Het advies is om te beginnen met twee keer per dag de wond te spoelen onder de douche. Bij weinig/geen lekkage van wondvocht kan de wond één keer per dag gespoeld worden, bij de gemiddelde patiënt is dit na twee weken. Na het spoelen worden de wonden op dezelfde wijze verbonden als na de ingreep:

  1. Alginaat in de wond (bijvoorbeeld Algisite M of Kaltostat®)
  2. Absorberend verband erover (bijvoorbeeld Mepilex®)

     
  3. Fixeren van het verband met bijvoorbeeld een Fixomul ® pleister of bij een gevoelige huid een Kliniderm Xtrata® pleister, of een onderbroek (eventueel een netbroekje) die het verband op zijn plek kan houden.

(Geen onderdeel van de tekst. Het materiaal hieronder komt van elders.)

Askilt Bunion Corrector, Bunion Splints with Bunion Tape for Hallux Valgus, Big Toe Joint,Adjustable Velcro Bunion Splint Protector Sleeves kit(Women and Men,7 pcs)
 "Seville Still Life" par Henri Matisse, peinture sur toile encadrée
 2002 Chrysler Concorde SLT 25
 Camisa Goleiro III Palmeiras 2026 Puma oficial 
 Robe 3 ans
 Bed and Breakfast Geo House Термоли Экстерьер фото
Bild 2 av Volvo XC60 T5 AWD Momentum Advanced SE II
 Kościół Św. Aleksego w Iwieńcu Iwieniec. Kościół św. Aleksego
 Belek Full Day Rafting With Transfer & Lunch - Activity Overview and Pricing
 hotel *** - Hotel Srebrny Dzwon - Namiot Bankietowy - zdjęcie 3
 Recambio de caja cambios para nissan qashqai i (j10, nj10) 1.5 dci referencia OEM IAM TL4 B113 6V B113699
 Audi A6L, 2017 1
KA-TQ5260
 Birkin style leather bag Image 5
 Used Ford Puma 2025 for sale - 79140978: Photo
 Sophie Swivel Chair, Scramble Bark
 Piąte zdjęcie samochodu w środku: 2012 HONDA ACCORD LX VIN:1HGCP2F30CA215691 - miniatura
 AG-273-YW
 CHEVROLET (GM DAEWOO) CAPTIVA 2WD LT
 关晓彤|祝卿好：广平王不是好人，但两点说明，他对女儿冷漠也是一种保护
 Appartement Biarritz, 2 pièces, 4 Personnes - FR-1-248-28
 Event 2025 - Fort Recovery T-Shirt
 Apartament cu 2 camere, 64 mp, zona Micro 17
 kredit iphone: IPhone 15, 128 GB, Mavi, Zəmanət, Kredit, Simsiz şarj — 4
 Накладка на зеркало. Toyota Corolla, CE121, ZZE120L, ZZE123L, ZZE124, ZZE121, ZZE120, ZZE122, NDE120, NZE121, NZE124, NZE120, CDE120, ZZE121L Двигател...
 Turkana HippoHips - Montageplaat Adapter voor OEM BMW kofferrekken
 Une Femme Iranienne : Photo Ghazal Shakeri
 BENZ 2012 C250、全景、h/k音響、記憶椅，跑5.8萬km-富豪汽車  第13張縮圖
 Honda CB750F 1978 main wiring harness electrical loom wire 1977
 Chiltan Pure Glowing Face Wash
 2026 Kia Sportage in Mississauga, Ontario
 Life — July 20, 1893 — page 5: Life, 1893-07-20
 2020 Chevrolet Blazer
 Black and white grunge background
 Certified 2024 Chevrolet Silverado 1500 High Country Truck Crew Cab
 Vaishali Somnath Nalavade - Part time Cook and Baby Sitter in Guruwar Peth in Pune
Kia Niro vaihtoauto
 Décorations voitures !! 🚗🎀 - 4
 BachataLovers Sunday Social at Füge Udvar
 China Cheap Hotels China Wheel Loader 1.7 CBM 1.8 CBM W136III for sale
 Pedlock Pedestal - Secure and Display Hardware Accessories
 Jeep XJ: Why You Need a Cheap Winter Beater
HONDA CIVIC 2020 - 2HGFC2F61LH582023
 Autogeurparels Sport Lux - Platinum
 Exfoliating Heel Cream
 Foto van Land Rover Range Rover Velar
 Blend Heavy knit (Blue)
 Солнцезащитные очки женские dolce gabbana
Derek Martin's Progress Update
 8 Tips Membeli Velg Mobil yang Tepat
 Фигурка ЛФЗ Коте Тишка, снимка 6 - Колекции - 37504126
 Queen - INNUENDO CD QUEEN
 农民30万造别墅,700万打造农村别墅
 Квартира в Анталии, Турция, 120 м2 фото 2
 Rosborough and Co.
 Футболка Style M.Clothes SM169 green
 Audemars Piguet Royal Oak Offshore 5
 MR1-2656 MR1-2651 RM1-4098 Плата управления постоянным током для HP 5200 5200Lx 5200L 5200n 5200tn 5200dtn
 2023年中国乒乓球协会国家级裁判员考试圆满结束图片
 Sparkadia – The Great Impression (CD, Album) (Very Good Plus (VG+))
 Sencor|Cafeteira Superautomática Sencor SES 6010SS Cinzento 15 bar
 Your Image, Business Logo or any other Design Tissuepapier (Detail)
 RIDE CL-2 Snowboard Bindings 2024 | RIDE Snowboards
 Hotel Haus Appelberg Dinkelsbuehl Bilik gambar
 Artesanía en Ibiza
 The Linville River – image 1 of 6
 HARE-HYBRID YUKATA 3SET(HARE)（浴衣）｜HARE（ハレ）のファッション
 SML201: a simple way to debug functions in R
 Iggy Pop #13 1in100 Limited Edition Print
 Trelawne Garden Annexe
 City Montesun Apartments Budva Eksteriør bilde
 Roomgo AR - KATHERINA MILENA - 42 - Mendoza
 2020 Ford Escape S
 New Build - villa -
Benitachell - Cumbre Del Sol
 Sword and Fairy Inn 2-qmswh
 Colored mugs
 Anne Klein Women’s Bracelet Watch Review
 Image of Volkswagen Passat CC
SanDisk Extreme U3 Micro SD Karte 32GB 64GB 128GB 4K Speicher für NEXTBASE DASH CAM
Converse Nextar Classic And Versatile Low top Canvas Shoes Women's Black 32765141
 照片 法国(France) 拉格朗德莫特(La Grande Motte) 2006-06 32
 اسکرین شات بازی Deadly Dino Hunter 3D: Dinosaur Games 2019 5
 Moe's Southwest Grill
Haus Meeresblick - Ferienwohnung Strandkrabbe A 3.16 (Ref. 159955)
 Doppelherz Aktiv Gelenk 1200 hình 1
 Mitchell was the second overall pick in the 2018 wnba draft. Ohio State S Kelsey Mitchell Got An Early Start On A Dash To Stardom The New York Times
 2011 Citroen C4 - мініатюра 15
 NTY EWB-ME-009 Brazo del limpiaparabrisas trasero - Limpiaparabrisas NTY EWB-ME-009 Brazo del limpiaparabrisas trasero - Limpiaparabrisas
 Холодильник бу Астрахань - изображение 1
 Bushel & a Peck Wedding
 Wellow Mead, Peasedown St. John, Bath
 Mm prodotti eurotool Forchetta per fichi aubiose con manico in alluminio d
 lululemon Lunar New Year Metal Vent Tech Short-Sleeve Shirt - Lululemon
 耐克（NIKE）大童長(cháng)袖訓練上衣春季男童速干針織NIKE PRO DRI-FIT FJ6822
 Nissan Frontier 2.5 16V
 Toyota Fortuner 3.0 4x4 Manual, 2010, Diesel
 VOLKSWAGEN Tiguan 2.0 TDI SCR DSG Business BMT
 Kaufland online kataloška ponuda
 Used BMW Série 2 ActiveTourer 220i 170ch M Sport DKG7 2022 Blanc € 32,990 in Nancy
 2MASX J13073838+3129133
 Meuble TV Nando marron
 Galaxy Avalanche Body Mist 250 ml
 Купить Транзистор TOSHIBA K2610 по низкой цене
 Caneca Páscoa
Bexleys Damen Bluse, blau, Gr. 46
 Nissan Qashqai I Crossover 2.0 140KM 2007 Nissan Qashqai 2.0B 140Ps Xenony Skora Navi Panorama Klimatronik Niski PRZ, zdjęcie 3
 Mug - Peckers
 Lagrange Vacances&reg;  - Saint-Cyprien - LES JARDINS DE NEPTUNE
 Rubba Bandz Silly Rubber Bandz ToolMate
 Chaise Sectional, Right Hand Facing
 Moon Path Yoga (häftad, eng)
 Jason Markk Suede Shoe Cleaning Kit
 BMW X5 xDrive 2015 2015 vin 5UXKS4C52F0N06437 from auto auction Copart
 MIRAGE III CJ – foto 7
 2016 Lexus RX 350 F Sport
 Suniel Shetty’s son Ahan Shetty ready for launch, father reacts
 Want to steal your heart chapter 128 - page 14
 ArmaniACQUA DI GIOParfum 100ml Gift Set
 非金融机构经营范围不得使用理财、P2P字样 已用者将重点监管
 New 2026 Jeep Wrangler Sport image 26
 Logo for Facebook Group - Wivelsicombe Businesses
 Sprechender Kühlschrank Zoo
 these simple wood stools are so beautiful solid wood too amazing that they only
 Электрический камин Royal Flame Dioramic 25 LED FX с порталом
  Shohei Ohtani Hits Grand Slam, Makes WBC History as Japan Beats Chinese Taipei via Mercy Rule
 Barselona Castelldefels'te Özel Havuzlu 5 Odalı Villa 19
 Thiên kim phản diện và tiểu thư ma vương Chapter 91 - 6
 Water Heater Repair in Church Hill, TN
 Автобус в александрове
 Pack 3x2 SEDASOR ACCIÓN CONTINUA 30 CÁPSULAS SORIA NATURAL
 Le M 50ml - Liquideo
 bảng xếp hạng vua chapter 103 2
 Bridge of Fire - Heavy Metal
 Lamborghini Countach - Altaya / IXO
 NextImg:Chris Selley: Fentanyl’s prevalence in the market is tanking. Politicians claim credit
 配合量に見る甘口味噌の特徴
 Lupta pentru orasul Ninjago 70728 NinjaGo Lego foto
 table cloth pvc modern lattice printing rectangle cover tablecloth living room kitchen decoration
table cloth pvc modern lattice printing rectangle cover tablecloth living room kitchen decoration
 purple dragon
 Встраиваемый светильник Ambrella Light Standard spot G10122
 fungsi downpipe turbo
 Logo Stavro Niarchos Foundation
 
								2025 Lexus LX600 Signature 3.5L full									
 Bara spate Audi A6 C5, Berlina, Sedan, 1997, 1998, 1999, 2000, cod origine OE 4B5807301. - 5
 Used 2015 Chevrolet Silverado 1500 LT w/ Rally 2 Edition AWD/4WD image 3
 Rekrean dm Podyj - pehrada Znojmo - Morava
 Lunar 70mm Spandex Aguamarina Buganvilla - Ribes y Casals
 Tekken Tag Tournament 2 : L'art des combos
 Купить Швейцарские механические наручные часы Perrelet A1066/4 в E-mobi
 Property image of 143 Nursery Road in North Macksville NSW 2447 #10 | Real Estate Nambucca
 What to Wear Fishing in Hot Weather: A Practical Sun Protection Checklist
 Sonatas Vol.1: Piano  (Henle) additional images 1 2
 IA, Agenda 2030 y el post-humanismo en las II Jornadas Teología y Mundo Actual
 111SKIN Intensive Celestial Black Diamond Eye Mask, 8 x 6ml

Als in de thuissituatie hulp nodig is bij de wondverzorging wordt thuiszorg aangevraagd. Bij voorkeur wordt dit minimaal twee dagen van te voren aangevraagd, maar het kan eventueel ook nog op de dag van de ingreep worden aangevraagd. U kunt zelf met de thuiszorg afspreken wanneer hulp bij wondverzorging weer gestopt kan worden.

Wondgenezing

Hoe snel de wond geneest verschilt erg per persoon. De duur van de wondgenezing hangt onder andere af van de grootte en de diepte van de wond(en). Gemiddeld zal de wond in 4-8 weken dichtgroeien. Geadviseerd wordt om na de ingreep één tot twee weken rustig aan te doen en niet aan het werk te gaan. Dit onder meer in verband met het bevorderen van de wondgenezing.

Pijn

De pijn na de ingreep wisselt sterk per persoon. De lokale verdoving is na ongeveer twee uur uitgewerkt. Wanneer nodig kunt u paracetamol (maximaal 4x per dag 1000mg) gebruiken.

Vervoer

Na de ingreep mag u naar huis. Door de ingreep zult u zich echter niet zo fit voelen als normaal. Hoewel de TLA de rijvaardigheid niet beïnvloed, is het niet verantwoord om zelf naar huis terug te rijden.

Praktische zaken om te regelen voor de ingreep

  • Het is wenselijk om de (behaarde) lichaamslocaties die geopereerd worden één tot drie dagen van te voren te scheren.
  • Het is aan te raden om paracetamol in huis te hebben
  • Het is noodzakelijk om vervoer naar huis te organiseren
  • Voor vrouwelijke patiënten die in de liesstreek geopereerd worden, is het handig om bij het plassen gebruik te maken van een plastuit voor vrouwen, bijvoorbeeld de Whiz Freedom®. Deze is online of in outdoor winkels verkrijgbaar. Het voordeel is dat er geen urine in het verband loopt.

Mogelijke complicaties na de ingreep

De twee meest voorkomende complicaties bij deze behandeling zijn een nabloeding of een wondinfectie. In geval van een nabloeding mag u de wond zelf met een schone, droge doek (bijvoorbeeld een theedoek) gedurende 30 minuten afdrukken. Als de wond blijft bloeden of als de bloeding te hevig is mag u ten alle tijden contact opnemen met de dermatoloog.

Als de wond warm, rood, pijnlijk en/of pussend is, kan het zijn dat er een infectie is opgetreden. In dit geval dient u ook contact op te nemen met de dermatoloog.

Overdag is de dermatoloog via de polikliniek Dermatologie te bereiken, ’s avonds en in het weekend via de telefooncentrale van het ziekenhuis.

Nazorg

Twee tot drie weken na de ingreep wordt een afspraak gemaakt voor wondcontrole op de Dermatologie.

Als er voor die tijd vragen zijn, kunt u op werkdagen contact opnemen met de polikliniek Dermatologie.